AIB moved to rectify fee error in advance of inquiry

Officials at AIB had already moved to correct the rate of commission being charged to certain customers on foreign exchange transactions…

Officials at AIB had already moved to correct the rate of commission being charged to certain customers on foreign exchange transactions in the weeks before the financial regulator started to investigate the overcharging.

The currency converter machines used by bank staff to calculate these transactions had been almost totally adjusted to reduce the rate of commission charged from one percentage point to 0.5 of a percentage point, before the Irish Financial Services Regulatory Authority (IFSRA) contacted the bank last Friday.

An AIB spokeswoman said the bank’s senior management were unaware of this exercise and only learned about the systematic overcharging of certain customers in recent days. The estimated amount of the overcharging is €14 million.

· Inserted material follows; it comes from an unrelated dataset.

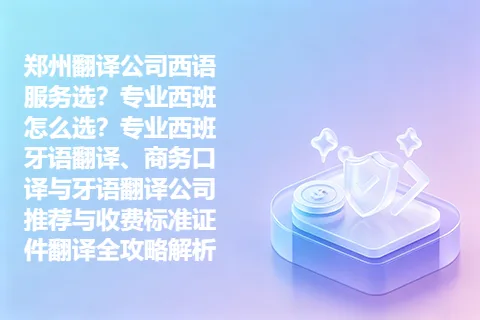 郑州翻译公司西语服务选？专业西班怎么选？专业西班牙语翻译、商务口译与牙语翻译公司推荐与收费标准证件翻译全攻略解析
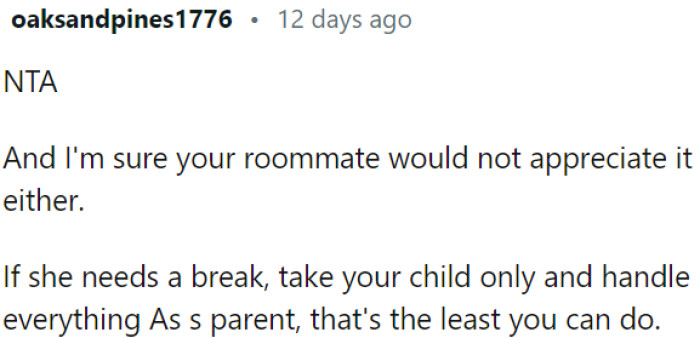 OP's concerns are valid, and his roommate would likely not appreciate the crowded situation either.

The bank says that the staff who were involved in rectifying this problem were at a relatively junior level and had begun to prepare a report for the regulator. They did not raise the matter at a senior level in the bank, it says.

READ MORE

“The process had begun and we are confident that they would have informed the board,” the spokeswoman said. “This shouldn’t have happened. The details of what happened will form part of the investigation.”

The bank confirmed that officials working on the foreign exchange counters were not informed why the machines were being altered. The new lower rate of commission would have been printed out for customers, according to AIB. “That’s all we know at the moment,” the bank said yesterday.

Yesterday it emerged that it was the bank's Strategic Development Unit that noted the issue in 2002 but failed to notify the bank's executive managers.
The financial regulator has already sent officials into AIB to investigate how it systematically overcharged certain customers and is seeking reassurances from other banks that they have not engaged in similar practices. Senior inspectors from IFSRA were on site in AIB yesterday.

A spokesman for IFSRA said the inspectors were seeking to establish, independently of the bank, how the overcharging occurred. The inspectors will be seeking to establish why, when the overcharging came to light in 2002, it did not end immediately.

The IFSRA spokesman said the inspectors were concentrating on establishing how AIB was able to estimate that the amount of overcharging
during the 1996 – mid-April 2004 period was approximately €14 million. The inspectors are also going to examine the systems for ensuring that serious issues are notified to senior executives.

IFSRA will also seek to establish how the customers affected by the
overcharging could be identified and repaid. The Tánaiste, Ms Harney, said yesterday that she believed the bank should do whatever necessary to identify the customers and repay them, in order to "restore confidence" in the bank.

However Mr John Hickey, general manager, retail banking with AIB, said the “stand alone” computer system used in the bank for foreign exchange transactions recorded the date, size, and rates used in a particular transaction, but no information about the customer or the draft or cheque associated with the transaction.

The bank could estimate the likely amount involved but find it extremely difficult to identify the customers involved. He said the bank would work with customers to see if the amount of overcharging affecting them, could be established.

The Irish Bank Officials Association has called for an independent
investigation into AIB's overcharging practices.